To do: Write out exactly the lines from the one containing "Lägenhet Vacanza Apartment *" to the end of the material, both ends included, and nothing else. Leave pictures out.

Exercise data:
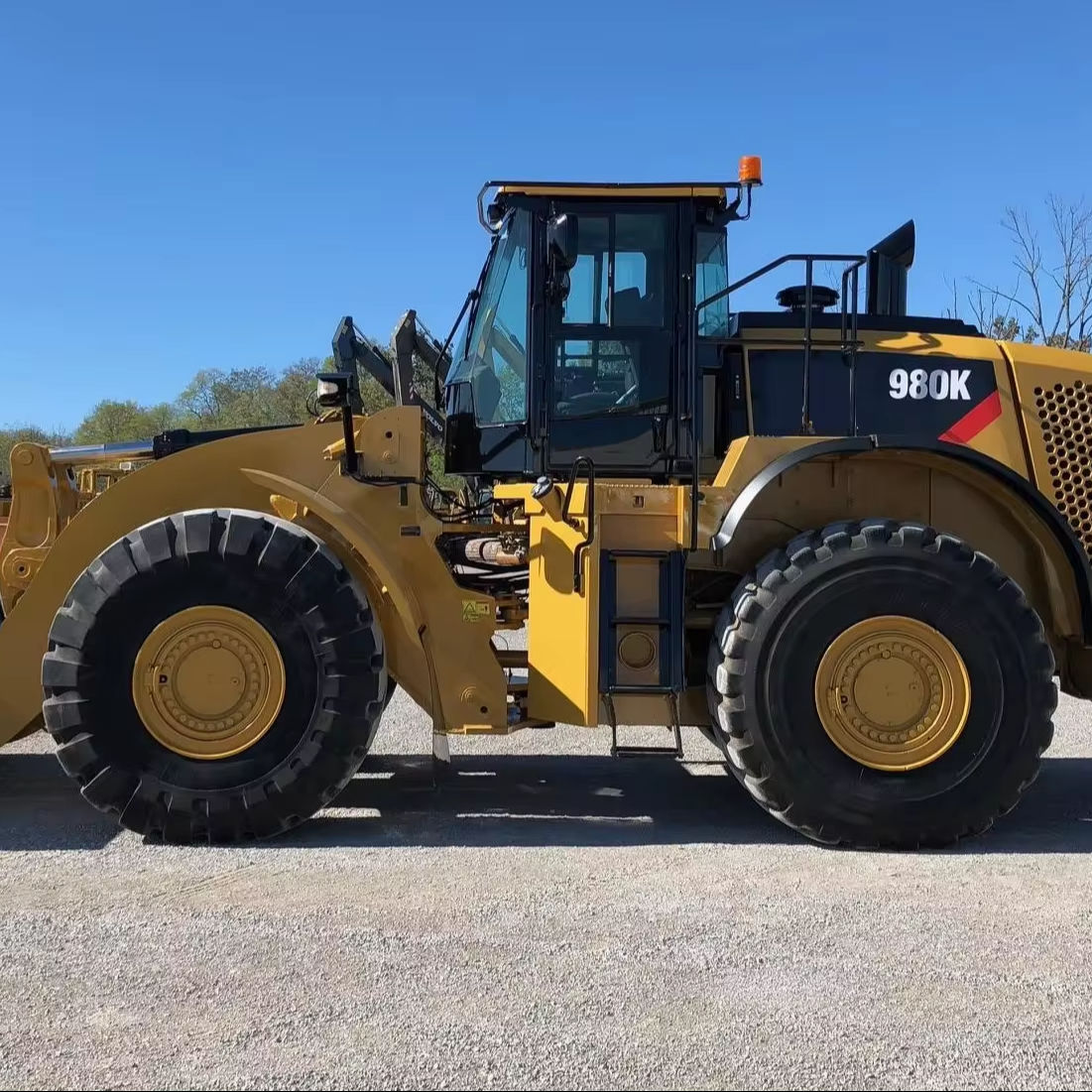格安 990 561KW 80t積載量 15.9トン 大型フロントホイールローダー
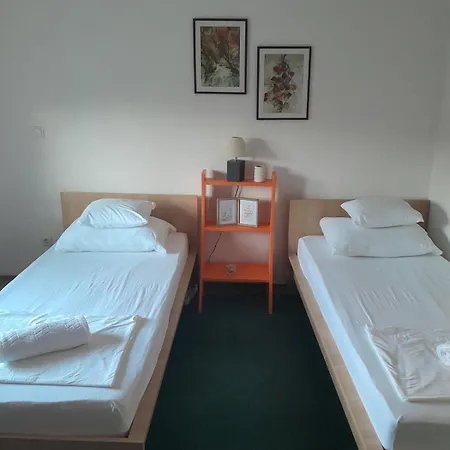 Lägenhet Vacanza Apartment *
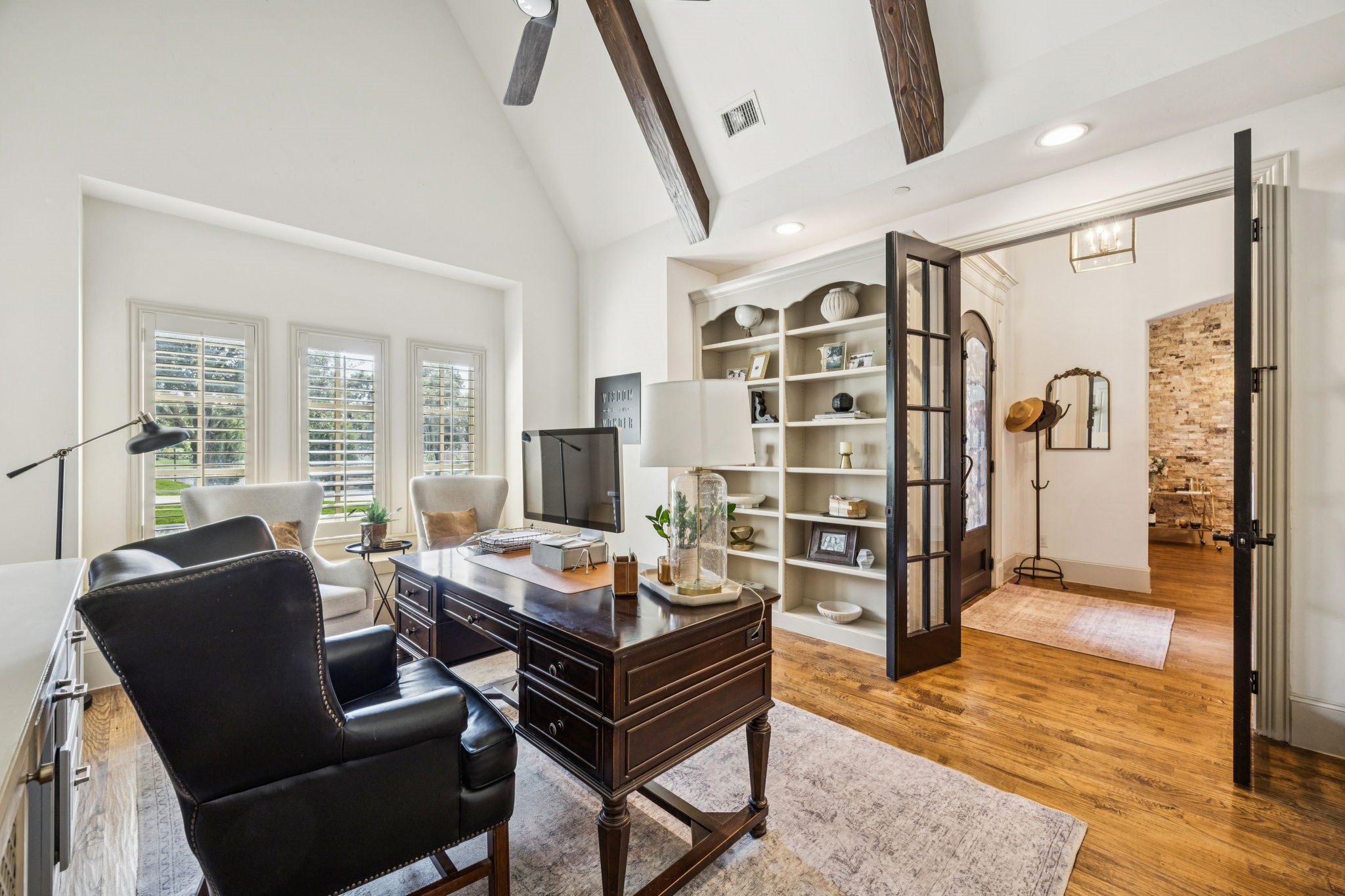 408 W Chapel Downs Drive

Output of the task:
 Lägenhet Vacanza Apartment *
 408 W Chapel Downs Drive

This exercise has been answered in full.